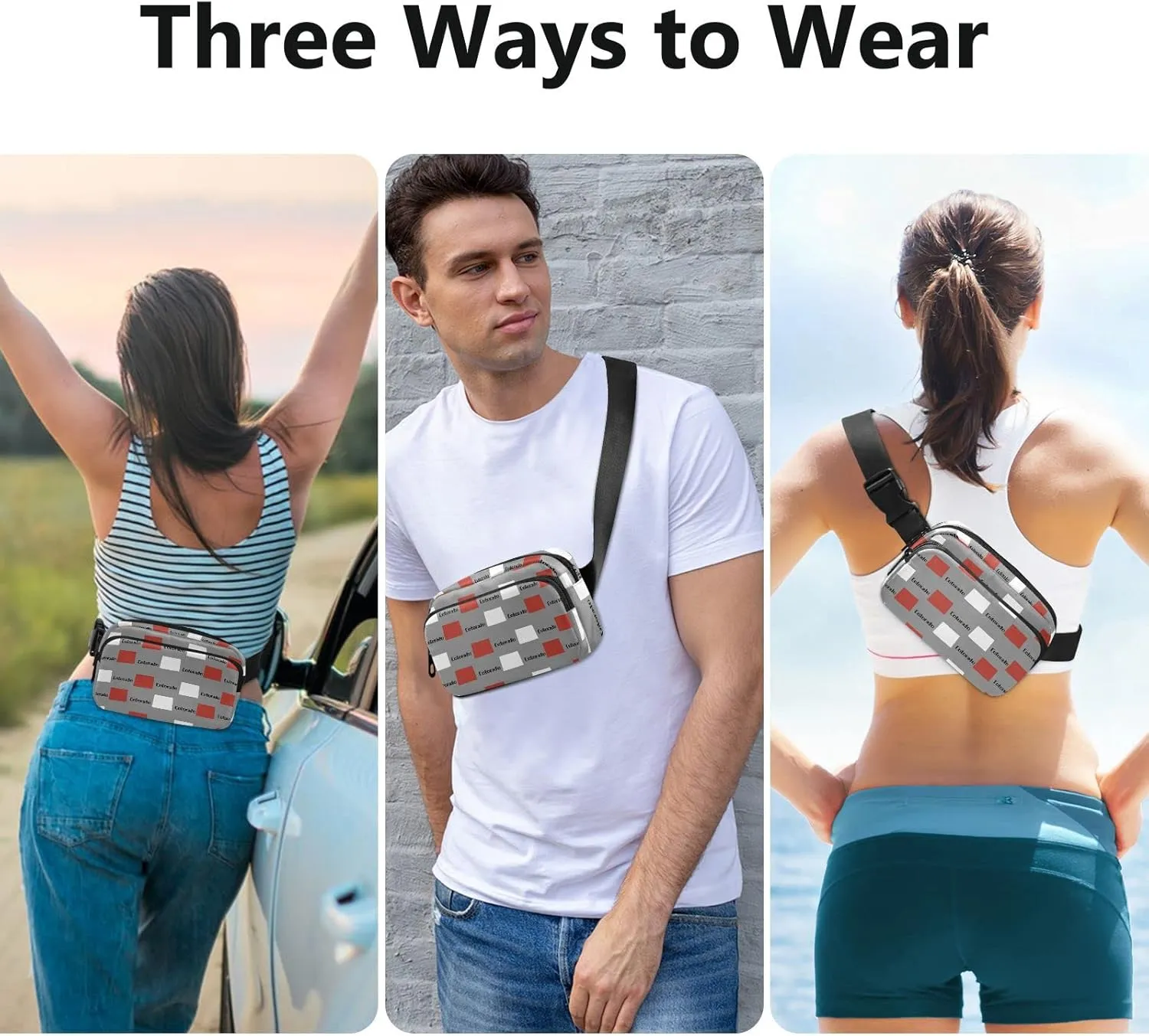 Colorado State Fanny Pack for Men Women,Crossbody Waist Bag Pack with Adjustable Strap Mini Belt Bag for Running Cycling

==

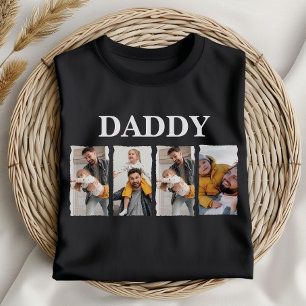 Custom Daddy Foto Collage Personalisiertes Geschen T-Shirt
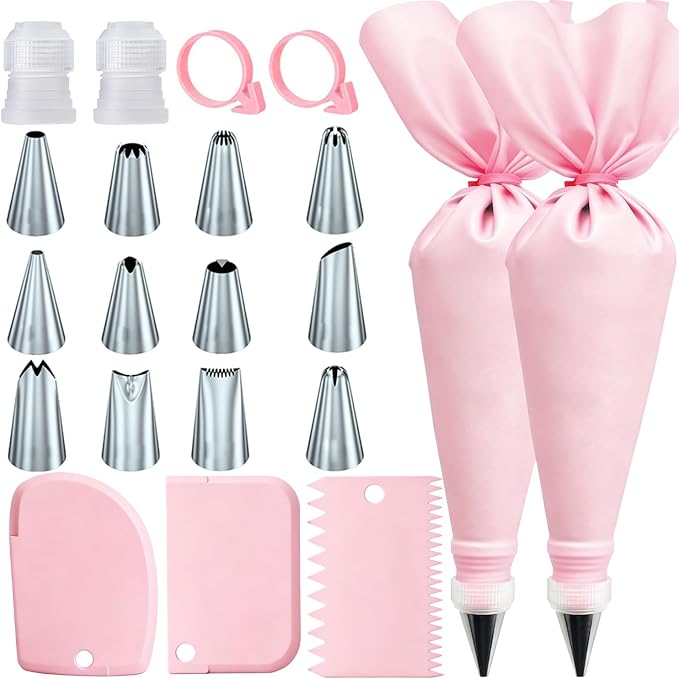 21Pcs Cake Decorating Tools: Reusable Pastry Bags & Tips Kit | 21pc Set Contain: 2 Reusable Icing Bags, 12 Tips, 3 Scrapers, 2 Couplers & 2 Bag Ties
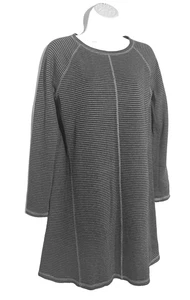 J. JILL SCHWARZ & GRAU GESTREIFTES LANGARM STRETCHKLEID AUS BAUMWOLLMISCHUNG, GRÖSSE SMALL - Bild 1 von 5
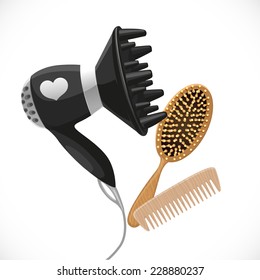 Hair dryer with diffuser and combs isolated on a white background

* * *

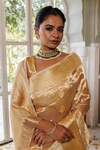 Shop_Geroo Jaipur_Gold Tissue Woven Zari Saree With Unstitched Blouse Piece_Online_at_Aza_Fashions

— Assigned task —
While skipping the pictures, transcribe the data above from the line showing "21Pcs Cake Decorating" through the line showing "J. JILL SCHWARZ", exactly and with both ends.

— Response —
 21Pcs Cake Decorating Tools: Reusable Pastry Bags & Tips Kit | 21pc Set Contain: 2 Reusable Icing Bags, 12 Tips, 3 Scrapers, 2 Couplers & 2 Bag Ties
 J. JILL SCHWARZ & GRAU GESTREIFTES LANGARM STRETCHKLEID AUS BAUMWOLLMISCHUNG, GRÖSSE SMALL - Bild 1 von 5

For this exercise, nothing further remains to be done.